/---
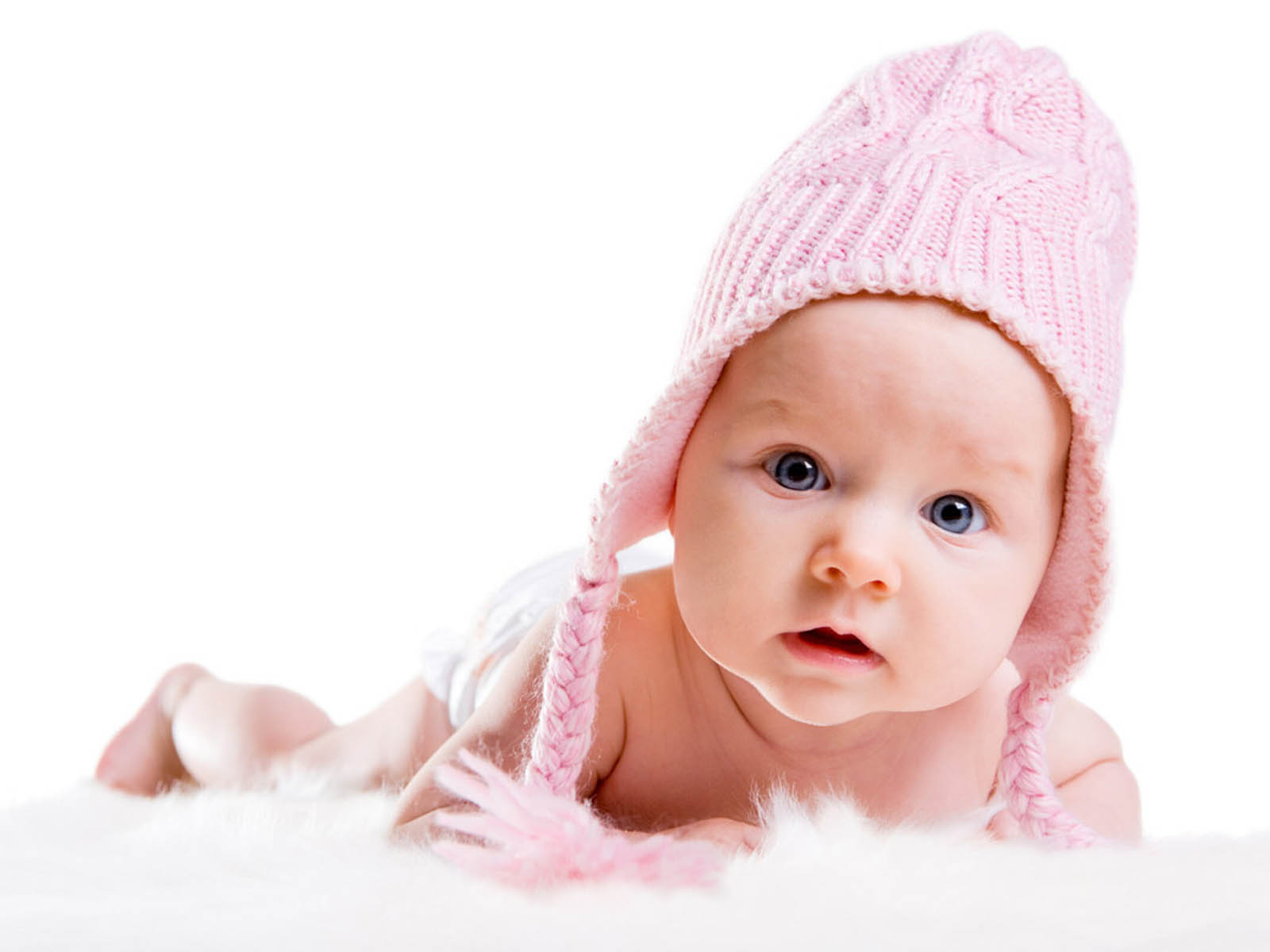 Baby Images - Cute Babies Pink Quotes - HD Wallpaper 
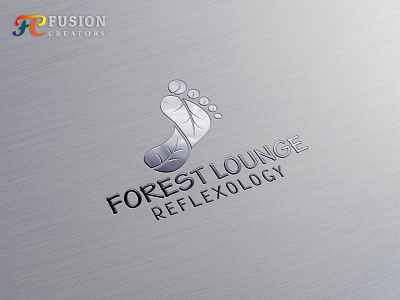 Forest Lounge Logo design Project branding design fusioncreator icon illustration logo logo design logo presentation vector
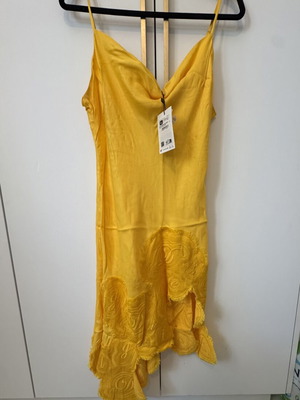 Desigual dress new, yellow, sizes M–XL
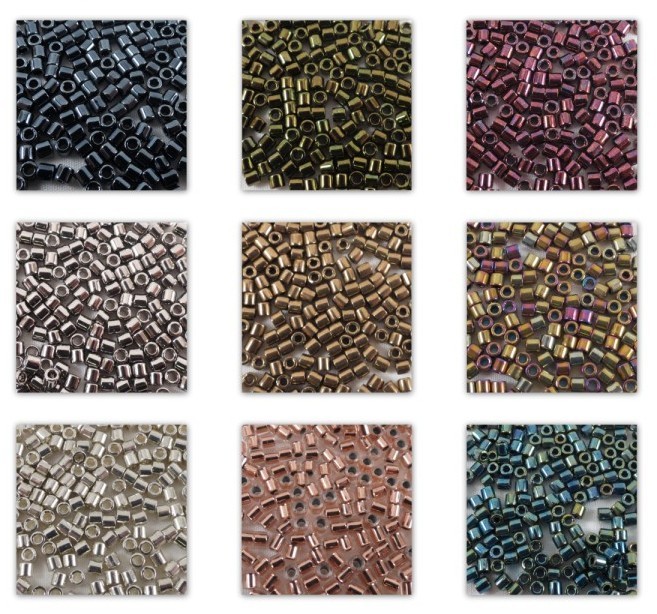 Delica 8/0 Miyuki Seed Beads 6.8 g #1-146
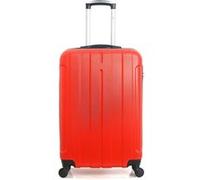 hero - valise weekend fogo 65 cm 4 roues - rouge rouge G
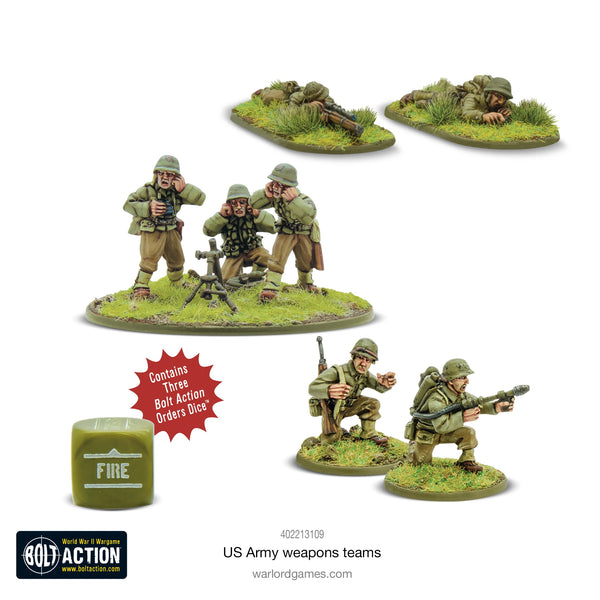 Bolt Action US Army Weapons Teams 402213109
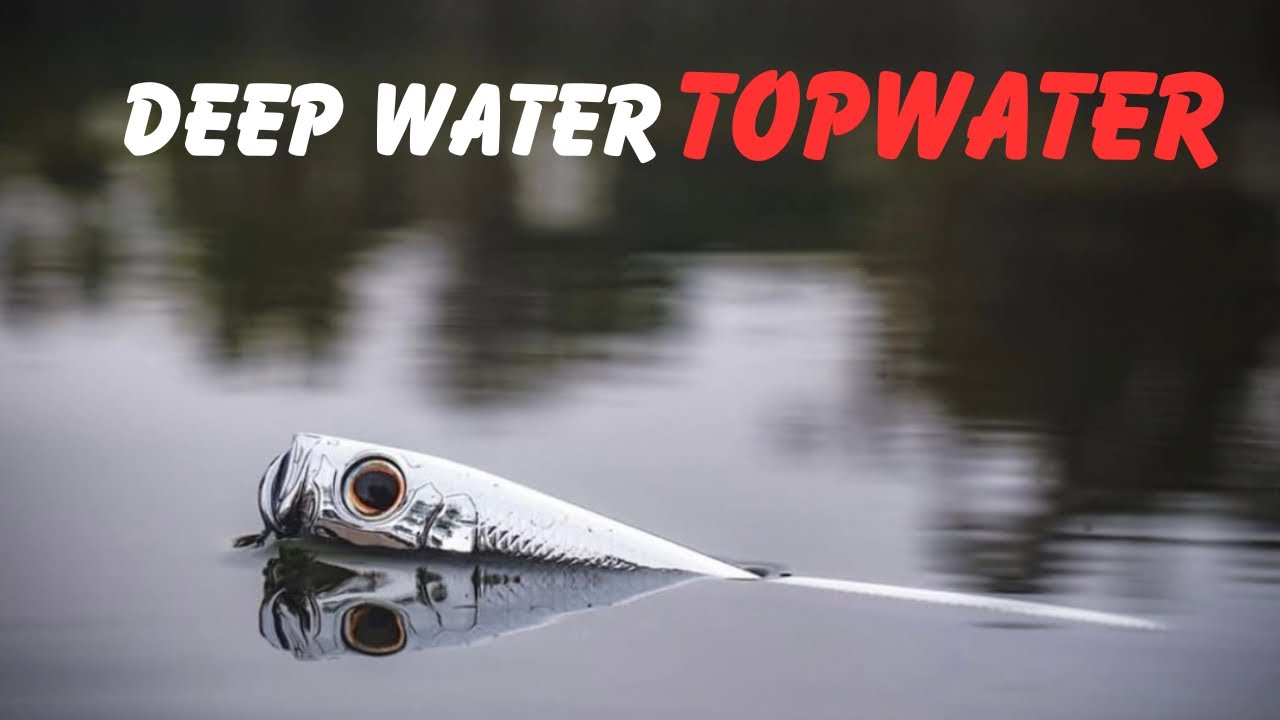 EVERGREEN SB-105 TOPWATER WALKING BAIT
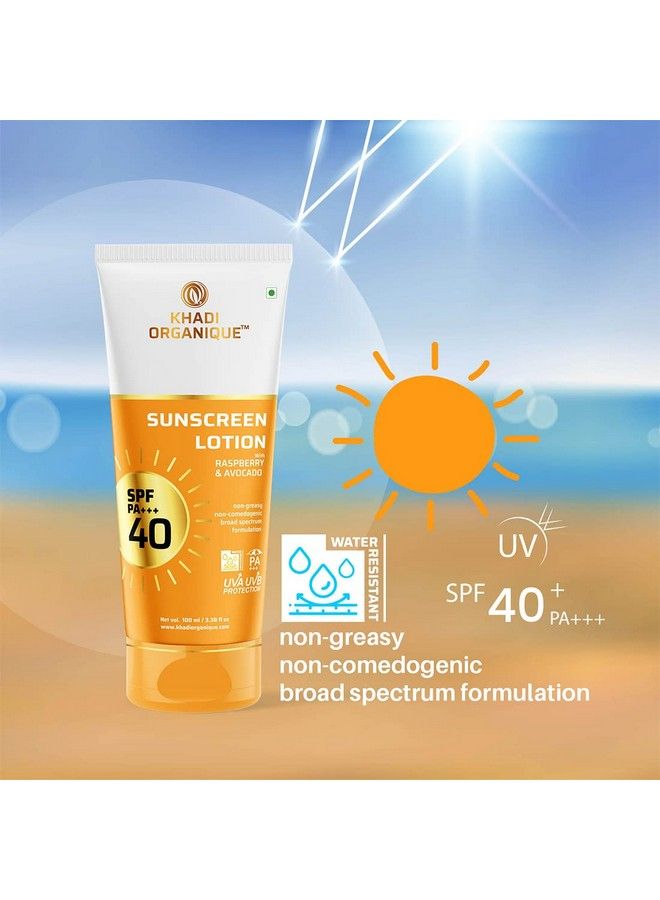 Khadi ORGANIQUE Kokkum Butter Lotion Spf 40 Pa++++ Spf Na Pa+ For Restore Your Beautiful Glow - Image 5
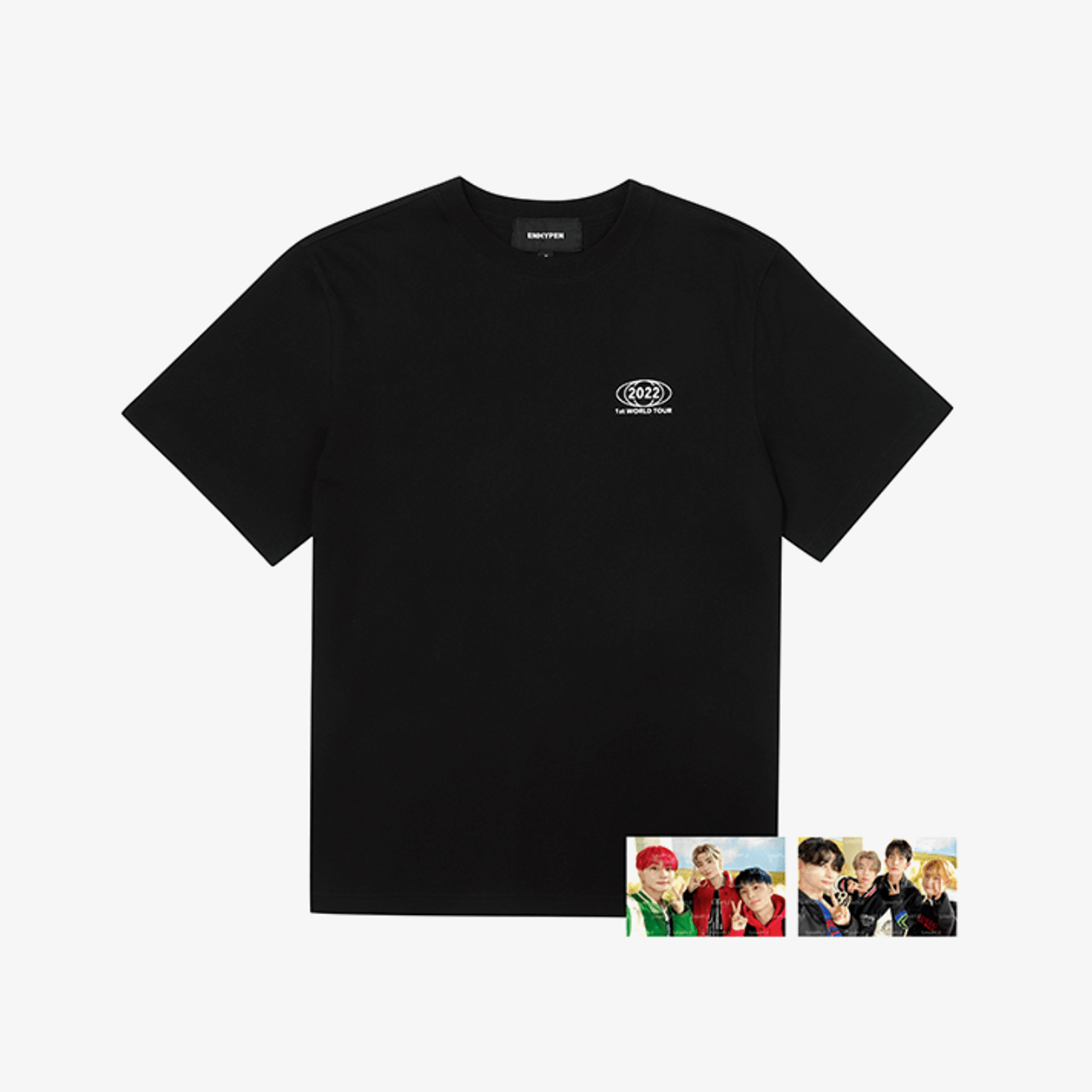 ENHYPEN World Tour MANIFESTO S/S T-Shirt – KPOP2U_Unnie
\---
### Exercise brief
Quote precisely the lines of the data from the line containing "Bolt Action US Army Weapons Teams 402213109" through its final line, both included, excluding pictures.

### Solution for this task
 Bolt Action US Army Weapons Teams 402213109
 EVERGREEN SB-105 TOPWATER WALKING BAIT
 Khadi ORGANIQUE Kokkum Butter Lotion Spf 40 Pa++++ Spf Na Pa+ For Restore Your Beautiful Glow - Image 5
 ENHYPEN World Tour MANIFESTO S/S T-Shirt – KPOP2U_Unnie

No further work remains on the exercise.